Que cette vie ait un sens, celui que ton œuvre lui donnera ! Sois implacable dans ta volonté de mener à bien cette œuvre. Si tu as accepté de vivre, une des raisons était et est que tu espères apporter, dans l’autre côté de la vie, ton œuvre d’artisan à celui qui t’attend, une œuvre belle et pour l’édification de laquelle il avait fallu vivre3.

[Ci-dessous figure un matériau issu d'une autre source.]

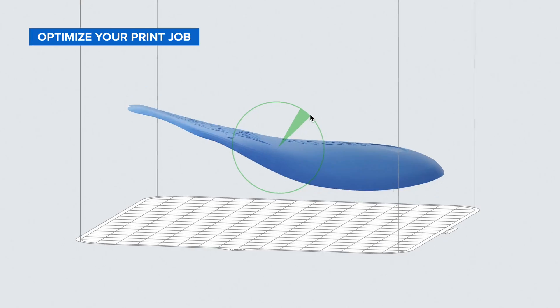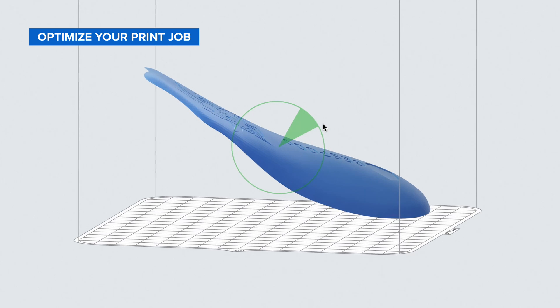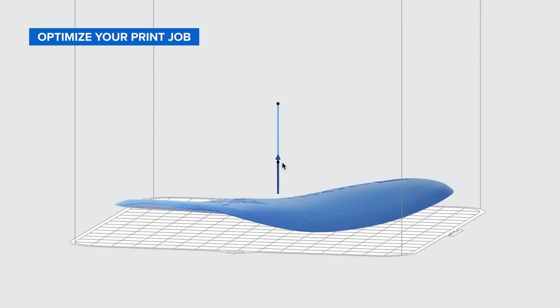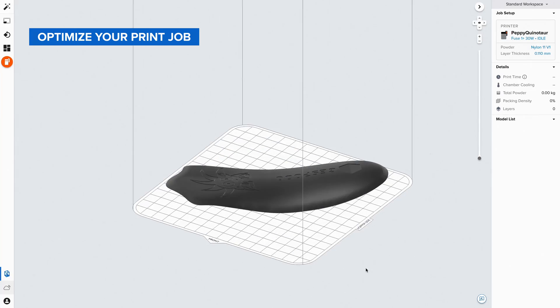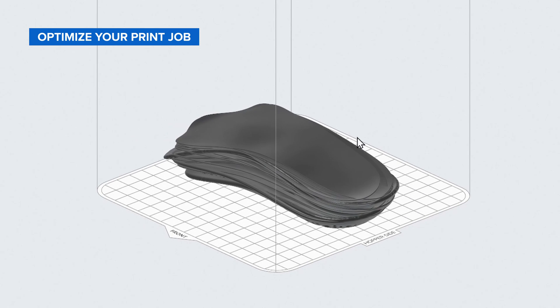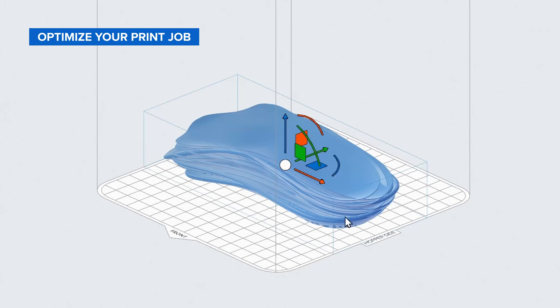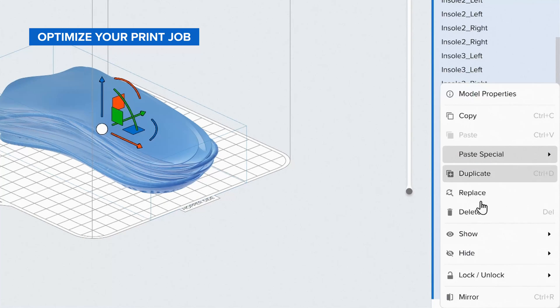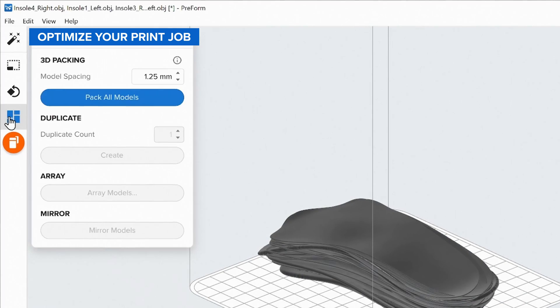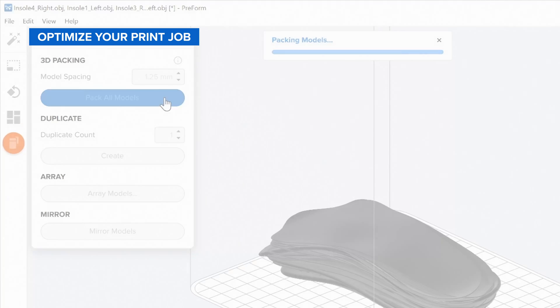For optimal mechanical performance, time, and cost, we recommend orienting your insole shells at a maximum of 50 degrees on the long axis, or heel to toe. A general rule to remember is that flatter orientations produce more durable results. Depending on the size and shape of your insole shells, you can print 10 to 20 pairs per build. Simply lock the parts' X and Y rotation and select Preform's AutoPack tool to automatically arrange them in the most efficient way.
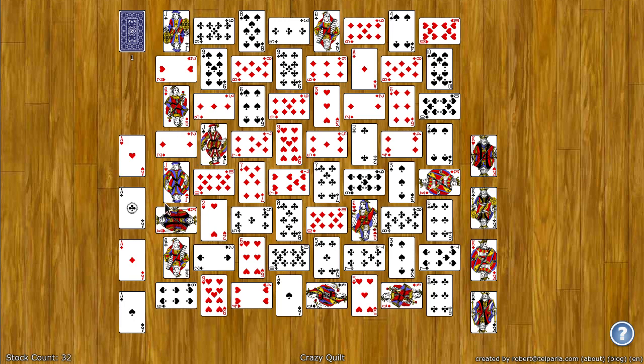The way you put cards on there is you have to pull them from this crazy quilt of cards in the middle. Which cards you can pull depends on whether the short side is available and not blocked. For example, I can slide this two off of its short side this way and put it on the ace here.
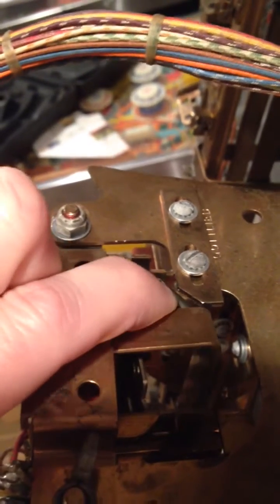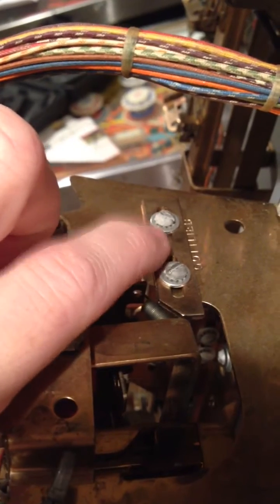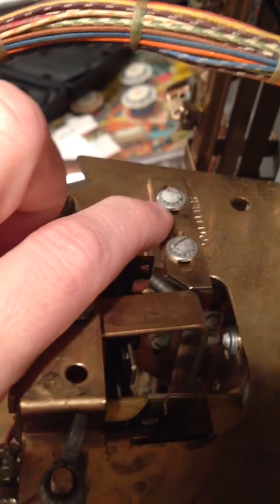Right here is the reset arm for the relay bank, and here's the stopper — the adjustable stopper I was talking about. There's one like this on the other end of the bank. You can see this relay bank is a little bit on the large side.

Vilar avait composé en 1938 une Antigone, d’après Les Phéniciennes d’Euripide, qu’il allait soumettre à Jean Giono4 deux ans plus tard. Il travaillait également sur un ballet nommé Bacchus et une farce, Aimer sans savoir qui. L’écriture dramatique, abondante, succédait à de nombreuses années de pratique des écrits de soi : journaux intimes et récits autobiographiques. Ils constituaient le support de ses rêveries mélancoliques et l’aidaient à traverser les crises d’une vie de jeune adulte, fasciné par la révolte de Gide et se heurtant à la misère à Paris. Le récit d’Hilda la morte, par exemple, qu’il avait dactylographié en vue d’une publication, parlait de cette vie-là, et Vilar allait le soumettre à Jean Paulhan en 1943. De nombreux autres textes manuscrits étaient restés dans ses poches et ses tiroirs.

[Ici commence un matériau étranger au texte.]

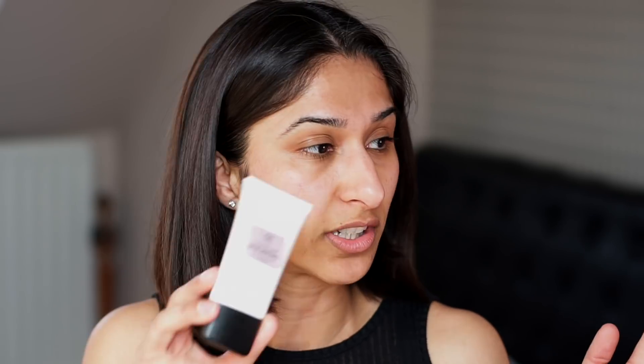Next I apply my SPF. I'm not 100% sure which way around SPF and moisturiser should be applied - maybe SPF should have been first, but I don't know what the consensus is on that. I'm using a new one from Body Shop called Skin Defence. It's actually a moisturiser but it's got SPF in it, and it's so lightweight that I can use it in conjunction with the other moisturiser.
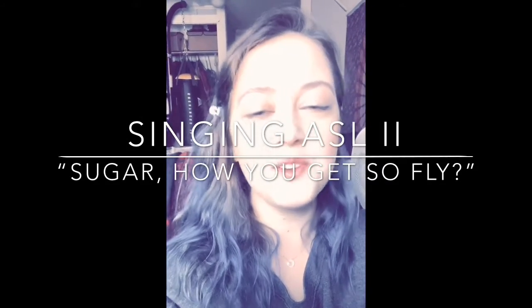Sugar, sugar, how you get so fly. Hi everybody, this is Colette. Today we are going to do 'Sugar, how you get so fly.' You got me lifted, feeling so good. Sugar, how you get so fly. This is Robin Schultz's Stadium X radio edit.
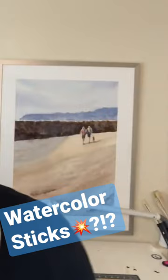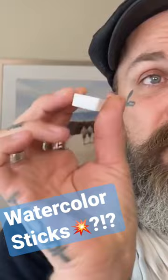About these watercolor sticks — they are basically like a pan in your hand. If you've ever had these wonderful little pans before, they look like this. This is a full pan.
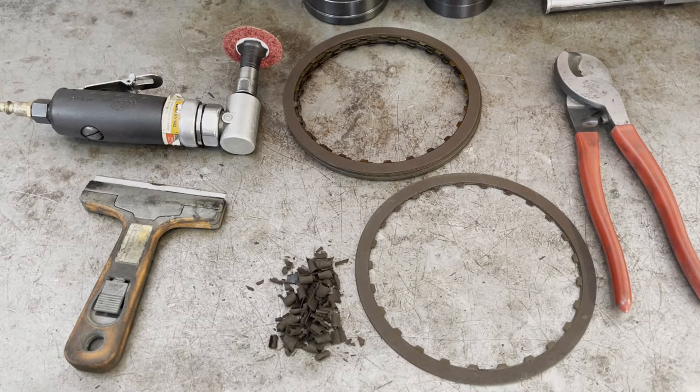I want to share a quick tip on adjusting your intermediate clutch clearance on a TH-350. Occasionally you're going to have a situation where you discover that there's too much clutch clearance in the intermediate stack-up for your TH-350.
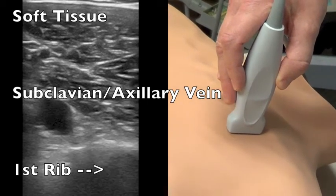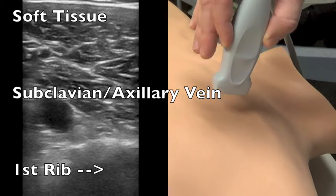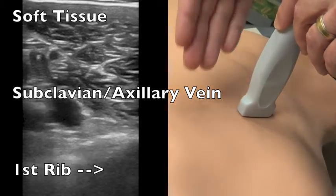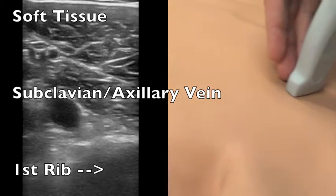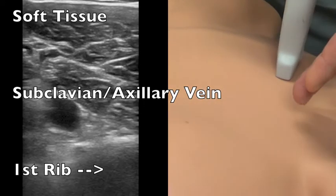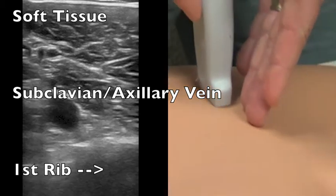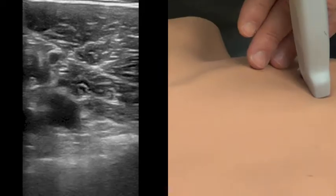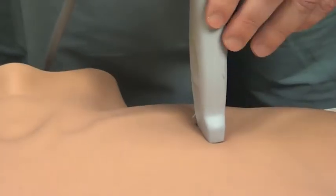I like to view the vessel in the short axis view and I usually end up with the probe in the infraclavicular fossa — in the area between the lateral aspect of the pectoralis major and the medial aspect of the anterior deltoid, creating a small triangle with the clavicle being the superior aspect of the triangle.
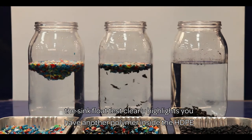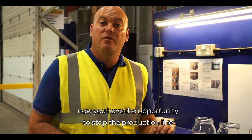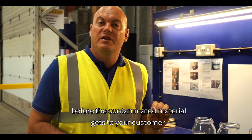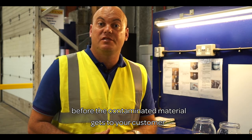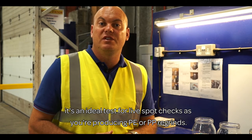The sink-float test clearly highlights when you have another polymer inside the HDPE. Now you have the opportunity to stop the production line and investigate further before the contaminated material gets to your customer. It's an ideal test for live spot checks as you're producing PE or PP regrinds.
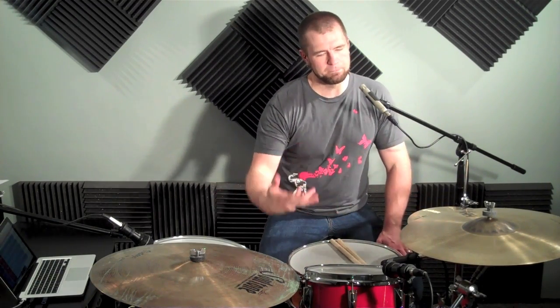In one drop grooves, you avoid beat one. In rocker grooves, the one is accented — but not all the time. Whereas in one drops it's never accented, in rocker grooves you can build towards the one. So you start with your regular reggae one drop groove...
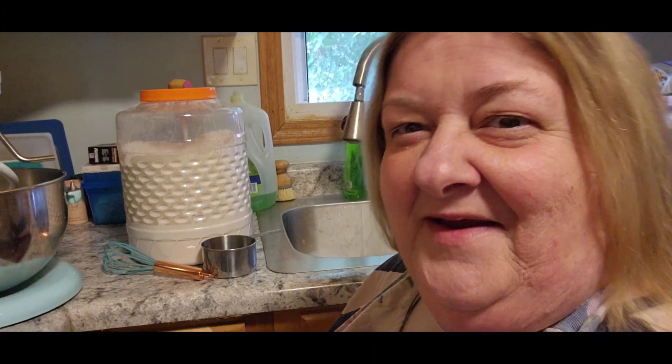Hi guys, it's Chris with City or Homestead. So I got a request quite a while ago for milk bread, and I just hadn't had time. Well, the next two days I want to use some rolls, and so I asked her would she mind if I did milk bread rolls, and she said yeah, go for it. So we're going for it.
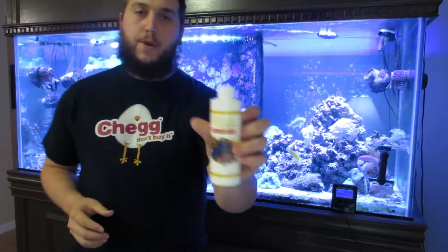What's up everyone? Welcome to the Coral Reef Talk. Take a look at Phycopure zooxanthellae from AlgaJu.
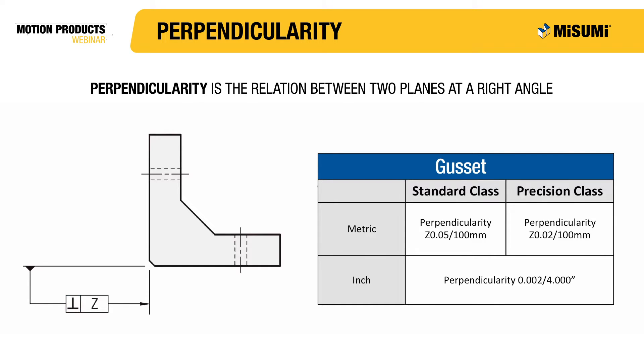At Misumi, gussets come in two different classes: standard and precision. The difference between the two classes is the perpendicularity tolerance value. For our metric standard class gussets, the perpendicularity tolerance is 0.05 mm for every 100 mm of length.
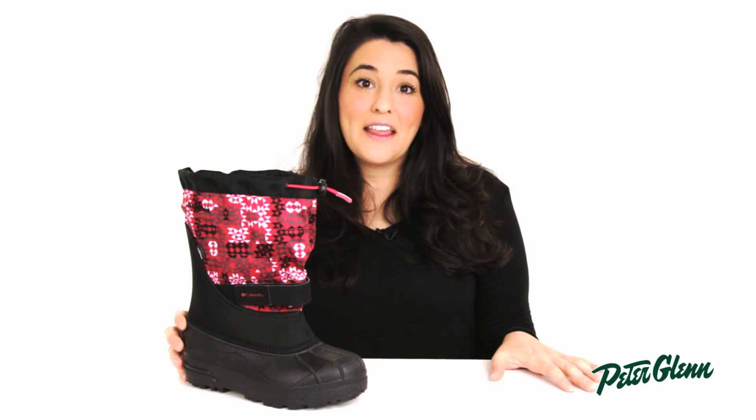But if you want to find the perfect size for you, you can check out the size chart on our website. Thanks for watching and check out peterglenn.com for all the best Columbia footwear.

L’écriture lui permettait ainsi d’explorer la tentation du renoncement, sans y céder : “Je suis tout de même une ligne droite5”, déclarait-il dans
une lettre à sa femme, Andrée Schlegel, en 1943. Sous la plume de Vilar, la métaphore explicite toujours l’idée, en tirant l’abstrait vers le concret, le conceptuel vers le sensible. La ligne droite symbolisait ainsi la certitude de sa vocation. Mais les lettres et les journaux, qu’il allait noircir, nuanceraient cet autoportrait unidirectionnel et le rapprocheraient d’une forme plus complexe ; celle, par exemple, que Marguerite Yourcenar attribue à toute vie racontée : “Ne jamais perdre de vue le graphique d’une vie humaine, qui ne se compose pas, quoi qu’on dise, d’une horizontale et deux perpendiculaires, mais bien plutôt de trois lignes sinueuses, étirées à l’infini, sans cesse rapprochées et divergeant sans cesse : ce qu’un homme a cru être, ce qu’il a voulu être, et ce qu’il fut6.” Ce qu’il a “cru être”, bien malin qui pourrait le dire ; ce qu’il a “voulu être”, c’est un homme de lettres ; ce qu’il “fut”, ou du moins ce que l’histoire dit qu’il fut, c’est un homme de théâtre.

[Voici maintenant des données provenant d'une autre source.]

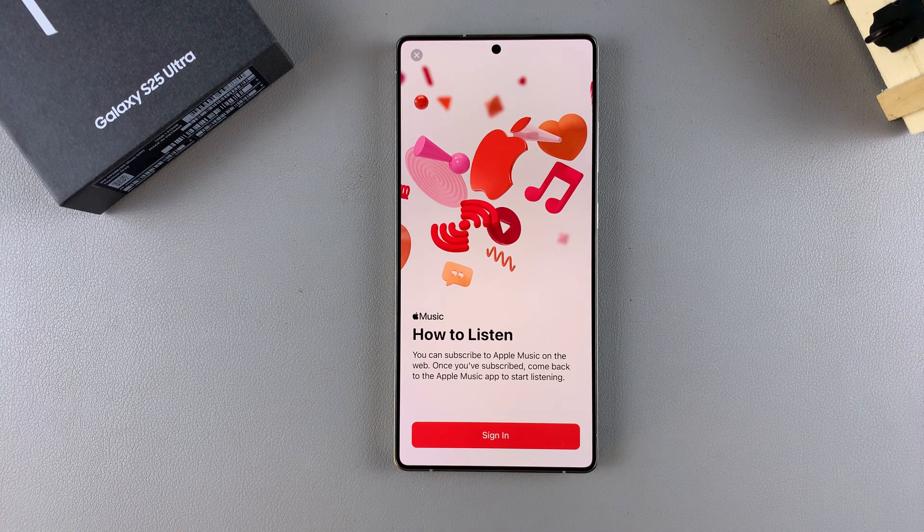Sign in so that you can start listening to music using Apple Music on your Galaxy S25. Thank you for watching — if you have any questions or comments, leave them down below and we'll get back to you.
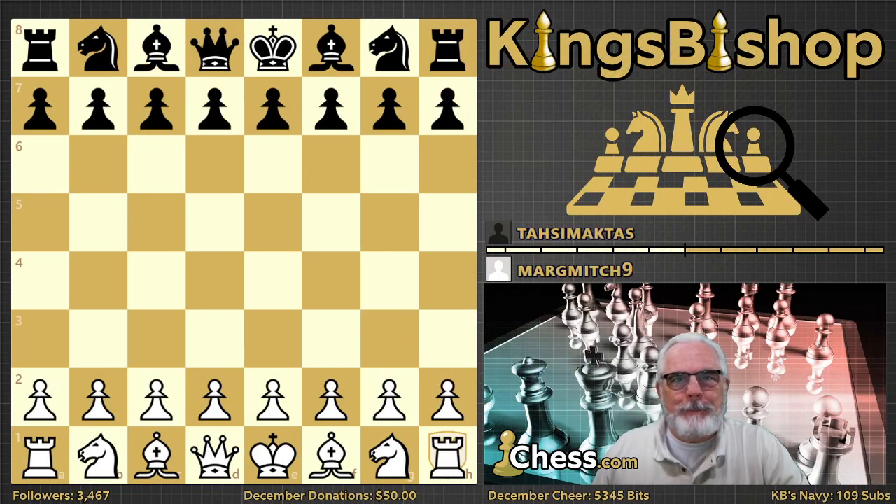Welcome, Ladles and Jelly Spoons, to King's Bishop Teaches Chess. I'm Coach Daniel, your host, also known as King's Bishop, here at Chess.com, and I've been teaching chess to beginners and intermediate players since 1984, helping them to achieve a higher level in chess excellence.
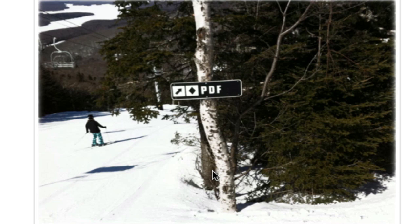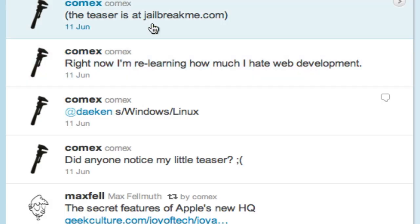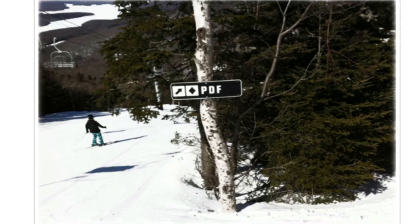This jailbreak was made last year for 4.0, and the maker of it just tweeted out a tweet — I have his Twitter right here — basically saying: did anyone see my little teaser at jailbreakme.com? If you go there right now, instead of the old jailbreak for 4.0, there's a picture of a ski slope with a trail named PDF, most likely hinting at another PDF exploit he's found that will work for current firmwares.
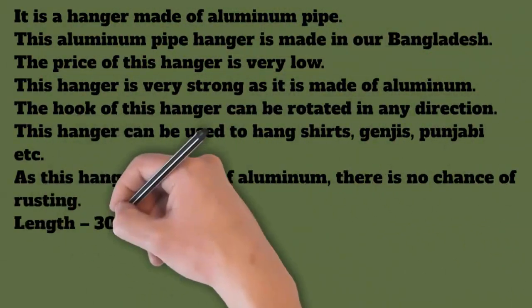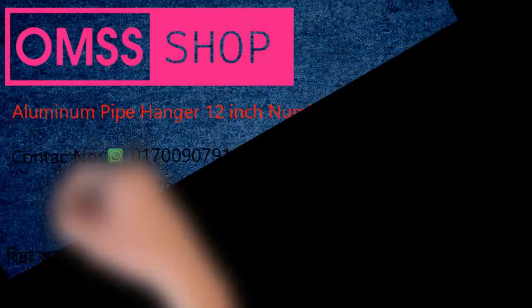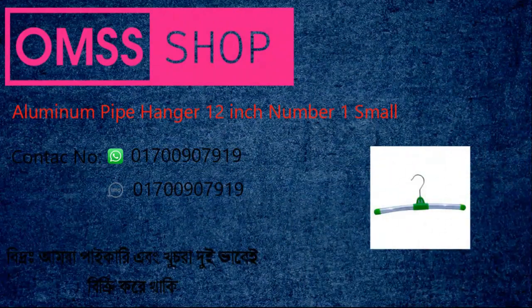As this hanger is made of aluminum, there is no chance of rusting. Dimensions: length 30 centimeters, width 2 centimeters, height 13 centimeters. Weight: 0.035 kilograms.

À la fin des années 1930, Vilar se rêvait encore écrivain, ainsi que l’attestent les dernières pages du Carnet de la mort, qui s’achève en avril 1940. Pendant cette année de drame personnel, Vilar fut mobilisé puis réformé à la suite d’un ulcère à l’estomac. De retour à Paris, il tentait de se nourrir convenablement et de se chauffer, il lisait et écrivait sans cesse.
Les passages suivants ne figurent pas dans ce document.